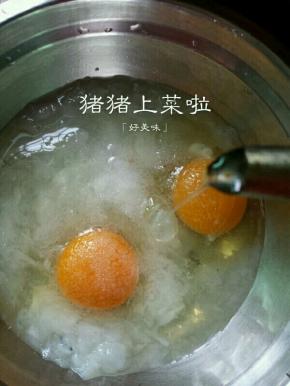 玉米油到点儿，如果有核桃油 可以蒸好了倒点核桃油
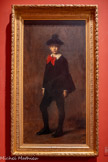 <center>Nicolas Le Roux</center>1884
Huile sur toile
Le modèle (1874-1935), représenté en écolier, est le fils du peintre Hector Le Roux, un des meilleurs amis de Jean-Jacques Henner. Le tableau a pu être influencé par les portraits de Velasquez que Henner a vus deux ans auparavant lors d’un voyage en Espagne.
Legs Nicolas Le Roux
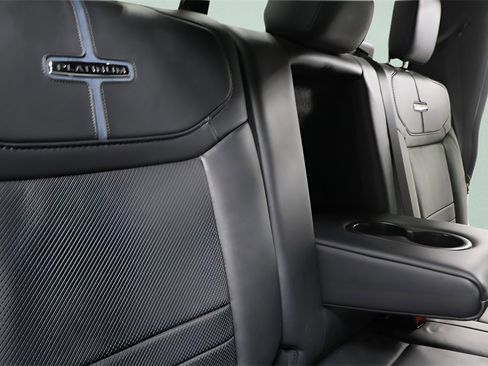 Used 2025 Ford F350 Platinum image 30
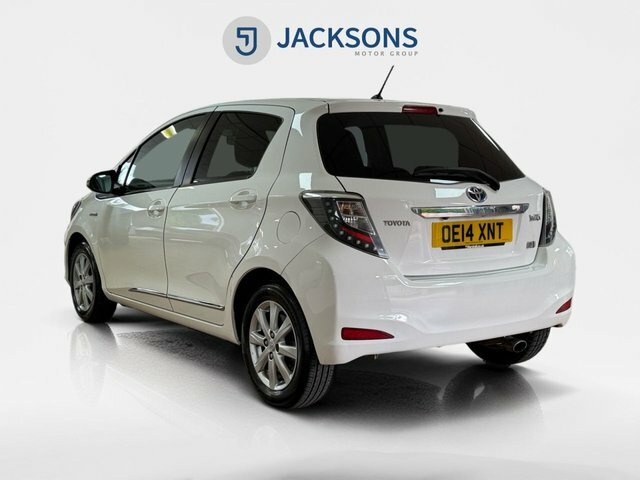 Toyota Yaris 1.5 Vvt-h Icon Plus Hatchback Hybrid Cv OE14XNT White #6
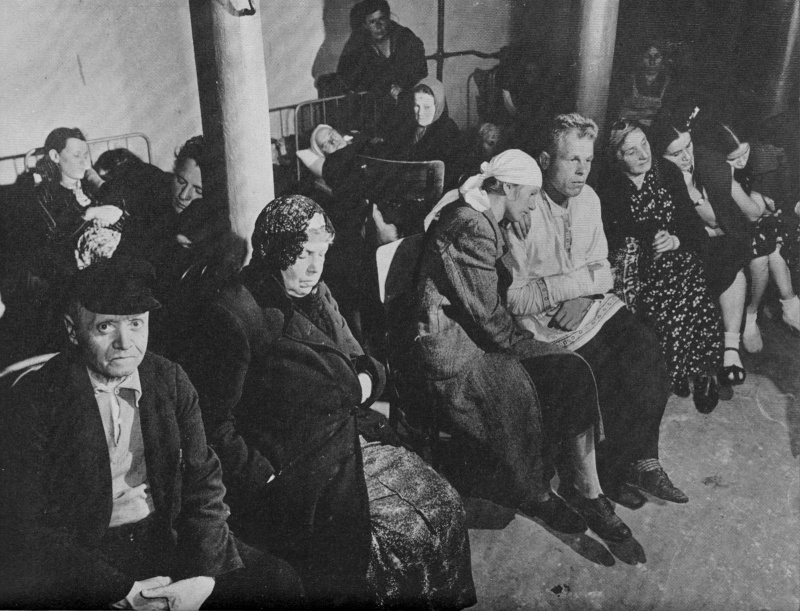 Жители Москвы в бомбоубежище в подвале дома в Краснопресненском районе. Осень, 1941 г.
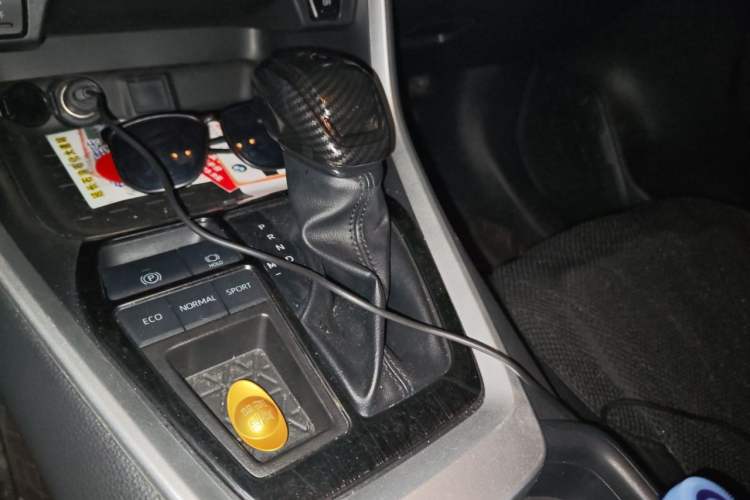 Used Toyota RAV4 2022 2.0L CVT Two-Wheel Drive Urban Edition Gear Lever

______

The response should restate the material above word for word and contain no pictures.

_RESULT OF THIS EXERCISE_.
 玉米油到点儿，如果有核桃油 可以蒸好了倒点核桃油
 <center>Nicolas Le Roux</center>1884
Huile sur toile
Le modèle (1874-1935), représenté en écolier, est le fils du peintre Hector Le Roux, un des meilleurs amis de Jean-Jacques Henner. Le tableau a pu être influencé par les portraits de Velasquez que Henner a vus deux ans auparavant lors d’un voyage en Espagne.
Legs Nicolas Le Roux
 Used 2025 Ford F350 Platinum image 30
 Toyota Yaris 1.5 Vvt-h Icon Plus Hatchback Hybrid Cv OE14XNT White #6
 Жители Москвы в бомбоубежище в подвале дома в Краснопресненском районе. Осень, 1941 г.
 Used Toyota RAV4 2022 2.0L CVT Two-Wheel Drive Urban Edition Gear Lever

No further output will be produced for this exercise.